**Exercise goal**
The records below hold a stretch from the line with "Изображение товара Мягкая" through the line with "Диссертация по химии"; return exactly those lines, ends included, and nothing more.
· · · · ·
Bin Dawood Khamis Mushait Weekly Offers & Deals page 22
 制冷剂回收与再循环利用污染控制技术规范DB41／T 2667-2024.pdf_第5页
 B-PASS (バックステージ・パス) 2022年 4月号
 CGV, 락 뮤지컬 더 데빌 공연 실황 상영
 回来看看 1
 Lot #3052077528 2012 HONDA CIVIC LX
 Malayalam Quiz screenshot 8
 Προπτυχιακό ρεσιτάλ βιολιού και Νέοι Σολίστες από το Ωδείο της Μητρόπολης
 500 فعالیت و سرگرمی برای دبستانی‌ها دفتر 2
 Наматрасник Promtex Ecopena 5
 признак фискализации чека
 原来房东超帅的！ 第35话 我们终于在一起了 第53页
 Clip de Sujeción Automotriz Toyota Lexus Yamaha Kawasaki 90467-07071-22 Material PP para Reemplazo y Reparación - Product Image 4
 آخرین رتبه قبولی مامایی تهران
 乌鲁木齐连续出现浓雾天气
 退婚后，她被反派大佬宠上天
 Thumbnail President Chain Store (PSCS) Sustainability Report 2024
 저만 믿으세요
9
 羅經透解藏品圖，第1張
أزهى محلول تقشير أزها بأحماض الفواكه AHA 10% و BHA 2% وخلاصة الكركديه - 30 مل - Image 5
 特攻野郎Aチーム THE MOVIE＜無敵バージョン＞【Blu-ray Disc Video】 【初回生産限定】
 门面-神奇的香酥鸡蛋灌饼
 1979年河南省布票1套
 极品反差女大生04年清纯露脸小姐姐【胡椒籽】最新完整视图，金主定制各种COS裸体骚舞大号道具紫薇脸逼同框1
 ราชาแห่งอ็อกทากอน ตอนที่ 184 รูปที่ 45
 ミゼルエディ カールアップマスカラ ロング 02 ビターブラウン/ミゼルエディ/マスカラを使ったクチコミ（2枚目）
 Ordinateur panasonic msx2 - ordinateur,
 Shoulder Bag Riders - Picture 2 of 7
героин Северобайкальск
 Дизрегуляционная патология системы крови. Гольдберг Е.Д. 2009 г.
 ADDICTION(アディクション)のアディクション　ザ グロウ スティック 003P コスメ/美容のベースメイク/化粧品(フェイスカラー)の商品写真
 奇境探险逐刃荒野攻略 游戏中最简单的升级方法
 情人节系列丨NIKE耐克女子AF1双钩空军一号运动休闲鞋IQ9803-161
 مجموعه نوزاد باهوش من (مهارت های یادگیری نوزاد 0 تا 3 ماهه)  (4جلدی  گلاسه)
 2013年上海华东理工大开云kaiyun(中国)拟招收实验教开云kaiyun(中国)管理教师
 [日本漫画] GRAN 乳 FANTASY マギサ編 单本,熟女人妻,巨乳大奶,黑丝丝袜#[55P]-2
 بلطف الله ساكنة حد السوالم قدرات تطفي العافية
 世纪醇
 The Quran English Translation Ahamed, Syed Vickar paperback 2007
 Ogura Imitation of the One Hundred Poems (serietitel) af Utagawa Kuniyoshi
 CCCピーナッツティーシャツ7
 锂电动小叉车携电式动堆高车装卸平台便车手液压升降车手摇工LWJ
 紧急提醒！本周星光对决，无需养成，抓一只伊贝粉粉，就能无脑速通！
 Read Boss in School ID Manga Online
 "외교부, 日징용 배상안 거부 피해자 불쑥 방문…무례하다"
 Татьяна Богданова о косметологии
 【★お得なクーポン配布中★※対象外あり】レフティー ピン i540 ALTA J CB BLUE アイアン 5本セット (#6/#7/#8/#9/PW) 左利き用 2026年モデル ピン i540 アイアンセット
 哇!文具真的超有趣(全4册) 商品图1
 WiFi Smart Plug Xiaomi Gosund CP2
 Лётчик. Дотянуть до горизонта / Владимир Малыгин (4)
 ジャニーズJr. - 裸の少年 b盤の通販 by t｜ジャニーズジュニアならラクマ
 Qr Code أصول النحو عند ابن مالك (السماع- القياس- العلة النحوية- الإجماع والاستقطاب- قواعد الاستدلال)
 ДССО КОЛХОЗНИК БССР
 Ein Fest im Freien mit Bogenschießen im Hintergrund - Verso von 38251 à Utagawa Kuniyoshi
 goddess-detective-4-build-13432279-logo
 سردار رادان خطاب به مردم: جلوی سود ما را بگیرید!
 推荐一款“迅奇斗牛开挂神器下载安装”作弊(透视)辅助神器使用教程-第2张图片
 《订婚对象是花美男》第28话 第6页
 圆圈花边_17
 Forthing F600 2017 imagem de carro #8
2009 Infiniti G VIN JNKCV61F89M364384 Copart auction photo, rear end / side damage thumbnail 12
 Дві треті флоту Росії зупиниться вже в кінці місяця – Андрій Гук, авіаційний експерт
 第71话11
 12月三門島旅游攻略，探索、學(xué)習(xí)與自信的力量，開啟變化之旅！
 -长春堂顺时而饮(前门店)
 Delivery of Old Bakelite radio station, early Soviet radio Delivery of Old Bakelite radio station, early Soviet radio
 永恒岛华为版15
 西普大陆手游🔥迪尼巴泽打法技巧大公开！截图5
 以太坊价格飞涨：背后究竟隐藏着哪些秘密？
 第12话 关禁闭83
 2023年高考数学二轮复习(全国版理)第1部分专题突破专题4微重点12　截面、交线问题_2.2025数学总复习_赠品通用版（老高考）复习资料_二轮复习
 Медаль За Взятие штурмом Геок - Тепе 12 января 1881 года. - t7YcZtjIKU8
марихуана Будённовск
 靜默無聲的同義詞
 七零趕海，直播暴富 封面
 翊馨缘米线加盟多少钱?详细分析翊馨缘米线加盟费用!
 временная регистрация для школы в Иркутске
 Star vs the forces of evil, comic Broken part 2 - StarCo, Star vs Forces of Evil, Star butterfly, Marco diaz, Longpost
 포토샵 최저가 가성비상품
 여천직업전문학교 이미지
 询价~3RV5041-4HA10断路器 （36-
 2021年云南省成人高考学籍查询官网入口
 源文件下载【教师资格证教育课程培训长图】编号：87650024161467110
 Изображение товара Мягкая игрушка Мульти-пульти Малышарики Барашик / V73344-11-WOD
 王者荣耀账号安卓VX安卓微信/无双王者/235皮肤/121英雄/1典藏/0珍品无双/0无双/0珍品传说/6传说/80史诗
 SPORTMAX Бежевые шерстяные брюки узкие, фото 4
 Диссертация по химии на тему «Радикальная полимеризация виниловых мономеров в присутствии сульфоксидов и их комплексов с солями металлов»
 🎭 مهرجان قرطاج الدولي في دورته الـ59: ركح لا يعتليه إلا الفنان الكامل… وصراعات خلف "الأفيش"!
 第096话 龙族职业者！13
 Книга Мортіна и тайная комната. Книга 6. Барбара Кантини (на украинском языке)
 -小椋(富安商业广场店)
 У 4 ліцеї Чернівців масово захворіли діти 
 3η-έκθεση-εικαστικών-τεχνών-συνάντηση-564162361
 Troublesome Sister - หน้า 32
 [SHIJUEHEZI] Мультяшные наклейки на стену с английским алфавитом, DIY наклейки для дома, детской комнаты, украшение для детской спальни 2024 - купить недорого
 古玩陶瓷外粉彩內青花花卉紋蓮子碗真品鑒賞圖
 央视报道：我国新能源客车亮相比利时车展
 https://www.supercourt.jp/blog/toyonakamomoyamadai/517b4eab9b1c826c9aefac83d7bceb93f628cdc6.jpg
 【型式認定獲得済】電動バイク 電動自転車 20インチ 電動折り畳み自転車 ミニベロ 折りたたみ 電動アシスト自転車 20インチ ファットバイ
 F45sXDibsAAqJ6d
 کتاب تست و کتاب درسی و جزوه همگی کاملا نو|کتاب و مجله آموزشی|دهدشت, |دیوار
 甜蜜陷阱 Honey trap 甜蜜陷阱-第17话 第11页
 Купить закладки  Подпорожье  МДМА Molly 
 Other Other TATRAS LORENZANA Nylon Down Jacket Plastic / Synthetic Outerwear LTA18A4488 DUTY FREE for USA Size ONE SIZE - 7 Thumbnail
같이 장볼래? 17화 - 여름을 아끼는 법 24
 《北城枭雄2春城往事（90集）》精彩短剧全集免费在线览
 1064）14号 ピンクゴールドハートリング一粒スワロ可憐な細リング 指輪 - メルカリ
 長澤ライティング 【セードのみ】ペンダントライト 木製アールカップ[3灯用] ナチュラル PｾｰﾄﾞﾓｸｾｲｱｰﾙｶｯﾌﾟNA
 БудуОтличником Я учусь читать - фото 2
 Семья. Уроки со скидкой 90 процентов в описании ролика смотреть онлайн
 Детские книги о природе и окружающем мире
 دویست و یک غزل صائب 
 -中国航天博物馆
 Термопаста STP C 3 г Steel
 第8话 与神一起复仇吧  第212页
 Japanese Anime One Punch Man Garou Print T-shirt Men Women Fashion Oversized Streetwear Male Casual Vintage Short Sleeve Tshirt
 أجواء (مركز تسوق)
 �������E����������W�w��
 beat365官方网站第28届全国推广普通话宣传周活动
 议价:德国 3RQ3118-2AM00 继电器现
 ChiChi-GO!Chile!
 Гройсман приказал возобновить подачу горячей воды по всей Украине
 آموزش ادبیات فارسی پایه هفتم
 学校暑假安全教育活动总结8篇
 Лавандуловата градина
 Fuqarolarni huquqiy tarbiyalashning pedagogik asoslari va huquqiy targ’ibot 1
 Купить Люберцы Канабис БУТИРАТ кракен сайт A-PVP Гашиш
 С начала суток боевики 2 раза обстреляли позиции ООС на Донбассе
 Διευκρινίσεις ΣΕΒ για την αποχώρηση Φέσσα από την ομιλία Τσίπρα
· · · · ·
**Worked solution**
 Изображение товара Мягкая игрушка Мульти-пульти Малышарики Барашик / V73344-11-WOD
 王者荣耀账号安卓VX安卓微信/无双王者/235皮肤/121英雄/1典藏/0珍品无双/0无双/0珍品传说/6传说/80史诗
 SPORTMAX Бежевые шерстяные брюки узкие, фото 4
 Диссертация по химии на тему «Радикальная полимеризация виниловых мономеров в присутствии сульфоксидов и их комплексов с солями металлов»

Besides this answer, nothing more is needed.